Form Upload & Conversion

Upload any PDF and automatically extract form fields for intelligent filling

Overview

Uploading a PDF triggers create_form() in the Python processing service. The function calls extract_pdf_components(), which returns two data structures for each page: the list of detected form fields (with type, name, and bounding-box coordinates) and the extracted text content. Field lists from adjacent pages are then passed through merge_split_fields(), which collapses fields whose bounding boxes span a page boundary into a single logical field.

After extraction, try_to_clone_form() checks whether this PDF already exists in the system. The primary clone check uses a field-based hash computed from the AcroForm widget structure; if that hash matches an existing form record, the new upload reuses the already-processed field definitions without repeating the extraction pipeline. A secondary check uses flat_pdf_hash — a visual fingerprint of the rendered pages — as a fallback for flat PDFs that have no AcroForm fields. This deduplication means that commonly uploaded government forms (W-9, I-9, W-4, CMS-1500) are typically served from the existing record rather than re-extracted, reducing processing time to under a second for recognized forms.

For flat or scanned PDFs where neither hash matches, the system routes to flat-to-fillable conversion to detect field regions using the AI pipeline before proceeding.

Real-World Example: Kona Ice automated Michigan STFU permits for 800+ franchise locations. They uploaded the state permit form once, then used batch processing to fill permits for all locations from a single spreadsheet.

Key Capabilities

  • AcroForm Field Extraction: extract_pdf_components() reads all AcroForm widget annotations, returning field name, type, and {page, x0, y0, x1, y1} coordinates for each field
  • Text Extraction Per Page: In addition to fields, extract_pdf_components() returns the text content of each page, used later for AI context during field filling
  • Cross-Page Field Merging: merge_split_fields() detects fields split across page boundaries and merges them into a single field record
  • Hash-Based Clone Detection: A field-hash computed from AcroForm structure enables fast deduplication; flat_pdf_hash provides a visual fallback for flat PDFs
  • Deduplication for Government Forms: Recognized forms (W-9, I-9, W-4, 1003 mortgage application, CMS-1500, I-485) are reused across all workspaces, avoiding redundant extraction
  • Field Type Classification: Fields are classified as TEXT_FIELD_TYPES (Text, ComboBox, Time, Date, Number) or CHECKBOX_FIELD_TYPES (CheckBox, RadioButton) during extraction
  • Multi-Page Support: Forms with hundreds of pages are supported; extract_pdf_components() processes each page independently before merging
  • Form Catalog Access: The catalog of pre-converted popular forms serves the field-hash lookup before any new extraction is attempted

How It Works

  1. Upload PDF: The user submits a PDF via drag-and-drop or file picker. The file is validated for format integrity and page count before processing begins.

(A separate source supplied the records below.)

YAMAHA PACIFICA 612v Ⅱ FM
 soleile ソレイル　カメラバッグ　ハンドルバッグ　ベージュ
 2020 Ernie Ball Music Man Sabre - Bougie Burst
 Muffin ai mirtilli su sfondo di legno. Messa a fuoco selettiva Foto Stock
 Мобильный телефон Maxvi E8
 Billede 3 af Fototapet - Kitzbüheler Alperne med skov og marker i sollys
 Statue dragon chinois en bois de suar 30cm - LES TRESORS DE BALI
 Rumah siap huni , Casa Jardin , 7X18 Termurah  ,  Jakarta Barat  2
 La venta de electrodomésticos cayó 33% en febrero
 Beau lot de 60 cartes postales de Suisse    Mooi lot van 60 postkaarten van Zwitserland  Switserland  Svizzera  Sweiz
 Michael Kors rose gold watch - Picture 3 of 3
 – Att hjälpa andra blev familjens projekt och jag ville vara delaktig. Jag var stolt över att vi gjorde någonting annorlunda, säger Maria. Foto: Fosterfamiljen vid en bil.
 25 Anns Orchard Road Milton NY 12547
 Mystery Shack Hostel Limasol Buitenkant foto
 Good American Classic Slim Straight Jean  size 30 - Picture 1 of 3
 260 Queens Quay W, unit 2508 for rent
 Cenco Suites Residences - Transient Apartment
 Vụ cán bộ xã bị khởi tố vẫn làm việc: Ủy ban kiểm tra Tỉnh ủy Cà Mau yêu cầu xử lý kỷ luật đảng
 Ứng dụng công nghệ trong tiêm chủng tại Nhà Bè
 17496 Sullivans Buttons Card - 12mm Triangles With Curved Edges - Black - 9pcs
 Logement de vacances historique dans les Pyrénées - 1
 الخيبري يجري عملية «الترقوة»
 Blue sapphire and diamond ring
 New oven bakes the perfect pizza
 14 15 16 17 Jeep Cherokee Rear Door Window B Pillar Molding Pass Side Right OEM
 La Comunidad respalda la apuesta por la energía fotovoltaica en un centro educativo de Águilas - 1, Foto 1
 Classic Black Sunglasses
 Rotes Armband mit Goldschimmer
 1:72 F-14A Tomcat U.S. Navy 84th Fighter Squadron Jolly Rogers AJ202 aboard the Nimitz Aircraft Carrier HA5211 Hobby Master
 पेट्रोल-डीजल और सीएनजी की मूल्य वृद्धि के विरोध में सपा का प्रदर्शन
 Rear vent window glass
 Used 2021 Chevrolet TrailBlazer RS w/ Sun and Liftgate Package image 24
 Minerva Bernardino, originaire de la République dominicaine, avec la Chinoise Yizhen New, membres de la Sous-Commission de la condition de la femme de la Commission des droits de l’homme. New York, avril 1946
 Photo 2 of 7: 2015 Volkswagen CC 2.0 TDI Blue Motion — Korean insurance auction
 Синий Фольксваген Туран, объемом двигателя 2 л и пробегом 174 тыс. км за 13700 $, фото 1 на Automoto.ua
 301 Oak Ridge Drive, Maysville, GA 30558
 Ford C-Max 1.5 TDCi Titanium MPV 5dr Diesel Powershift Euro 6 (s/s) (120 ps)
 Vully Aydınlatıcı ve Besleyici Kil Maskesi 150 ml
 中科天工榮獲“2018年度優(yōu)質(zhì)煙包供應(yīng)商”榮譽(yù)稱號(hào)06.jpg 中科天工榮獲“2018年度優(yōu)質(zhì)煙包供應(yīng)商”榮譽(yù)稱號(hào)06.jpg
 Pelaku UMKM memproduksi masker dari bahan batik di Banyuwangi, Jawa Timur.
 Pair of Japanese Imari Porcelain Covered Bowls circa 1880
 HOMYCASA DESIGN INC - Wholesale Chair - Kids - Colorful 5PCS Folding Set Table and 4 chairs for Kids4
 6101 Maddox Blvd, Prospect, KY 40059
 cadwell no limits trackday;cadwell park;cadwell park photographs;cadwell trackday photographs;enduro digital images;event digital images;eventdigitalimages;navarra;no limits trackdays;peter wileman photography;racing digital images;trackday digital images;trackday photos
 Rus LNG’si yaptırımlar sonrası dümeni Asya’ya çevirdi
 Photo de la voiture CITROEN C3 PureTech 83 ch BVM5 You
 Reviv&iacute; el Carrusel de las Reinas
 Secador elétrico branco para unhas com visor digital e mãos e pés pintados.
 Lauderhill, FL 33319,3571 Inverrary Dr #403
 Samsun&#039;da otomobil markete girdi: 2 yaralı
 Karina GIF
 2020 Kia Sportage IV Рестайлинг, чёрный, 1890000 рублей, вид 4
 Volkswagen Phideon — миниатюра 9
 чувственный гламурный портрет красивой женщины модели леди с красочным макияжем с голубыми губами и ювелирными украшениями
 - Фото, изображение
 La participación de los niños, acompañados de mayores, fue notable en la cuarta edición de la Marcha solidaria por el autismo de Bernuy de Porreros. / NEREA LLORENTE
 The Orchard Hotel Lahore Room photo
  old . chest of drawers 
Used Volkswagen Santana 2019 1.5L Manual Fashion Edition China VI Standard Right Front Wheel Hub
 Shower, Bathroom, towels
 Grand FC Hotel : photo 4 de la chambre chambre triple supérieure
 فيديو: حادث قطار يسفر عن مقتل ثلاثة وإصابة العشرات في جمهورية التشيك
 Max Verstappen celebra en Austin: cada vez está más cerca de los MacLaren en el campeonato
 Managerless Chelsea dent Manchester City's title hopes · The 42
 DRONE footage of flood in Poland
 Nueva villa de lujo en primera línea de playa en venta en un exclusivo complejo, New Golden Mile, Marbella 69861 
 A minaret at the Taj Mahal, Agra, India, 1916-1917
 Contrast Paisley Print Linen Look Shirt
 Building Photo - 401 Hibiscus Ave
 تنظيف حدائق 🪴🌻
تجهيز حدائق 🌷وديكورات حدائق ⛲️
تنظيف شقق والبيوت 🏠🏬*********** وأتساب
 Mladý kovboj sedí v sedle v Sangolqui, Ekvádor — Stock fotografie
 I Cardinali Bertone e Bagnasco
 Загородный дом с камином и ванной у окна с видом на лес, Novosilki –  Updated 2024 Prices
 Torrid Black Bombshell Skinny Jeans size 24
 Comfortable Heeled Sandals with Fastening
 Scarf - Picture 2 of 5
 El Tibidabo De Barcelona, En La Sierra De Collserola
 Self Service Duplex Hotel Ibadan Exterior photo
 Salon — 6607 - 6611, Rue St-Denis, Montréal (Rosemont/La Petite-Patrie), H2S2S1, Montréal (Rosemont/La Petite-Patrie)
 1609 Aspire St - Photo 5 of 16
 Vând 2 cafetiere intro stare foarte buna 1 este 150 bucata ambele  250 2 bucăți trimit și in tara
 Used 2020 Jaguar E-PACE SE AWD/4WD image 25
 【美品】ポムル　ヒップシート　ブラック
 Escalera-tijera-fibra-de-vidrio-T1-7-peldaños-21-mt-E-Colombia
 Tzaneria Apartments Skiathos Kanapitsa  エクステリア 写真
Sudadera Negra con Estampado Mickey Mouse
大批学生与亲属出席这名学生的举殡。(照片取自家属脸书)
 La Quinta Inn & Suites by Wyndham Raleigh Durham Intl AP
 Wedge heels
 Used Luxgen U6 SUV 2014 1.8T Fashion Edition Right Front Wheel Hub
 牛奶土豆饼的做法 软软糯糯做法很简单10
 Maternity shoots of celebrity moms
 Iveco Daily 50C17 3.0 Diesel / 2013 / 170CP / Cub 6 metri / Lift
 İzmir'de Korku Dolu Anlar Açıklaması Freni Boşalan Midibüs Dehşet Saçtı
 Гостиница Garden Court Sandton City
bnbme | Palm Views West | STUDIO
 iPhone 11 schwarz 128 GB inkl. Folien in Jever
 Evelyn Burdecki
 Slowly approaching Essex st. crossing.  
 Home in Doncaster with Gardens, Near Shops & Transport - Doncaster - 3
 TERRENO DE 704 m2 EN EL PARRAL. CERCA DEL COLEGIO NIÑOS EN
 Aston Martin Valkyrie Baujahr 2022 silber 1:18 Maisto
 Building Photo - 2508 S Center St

  2. Component Extraction: extract_pdf_components() runs on the uploaded file. For each page it returns:

    • A list of field objects: {name, type, page, x0, y0, x1, y1, field_id}
    • The raw text content of that page
  3. Field Merging: merge_split_fields() compares bounding boxes across adjacent pages and merges any field whose coordinates indicate it crosses a page break.

  4. Clone Check — Field Hash: try_to_clone_form() computes a hash over the sorted AcroForm widget data. If the hash matches an existing form record, the system clones that record's field definitions and skips the remainder of the pipeline.

  5. Clone Check — Visual Hash: If no field-hash match is found (common for flat or scanned PDFs), try_to_clone_form() falls back to flat_pdf_hash, a perceptual hash of the rendered page images.

  6. Flat PDF Handling: If neither hash matches and the PDF has no AcroForm fields, the file is forwarded to the flat-to-fillable AI pipeline, which detects field regions and returns synthetic field records in the same coordinate format.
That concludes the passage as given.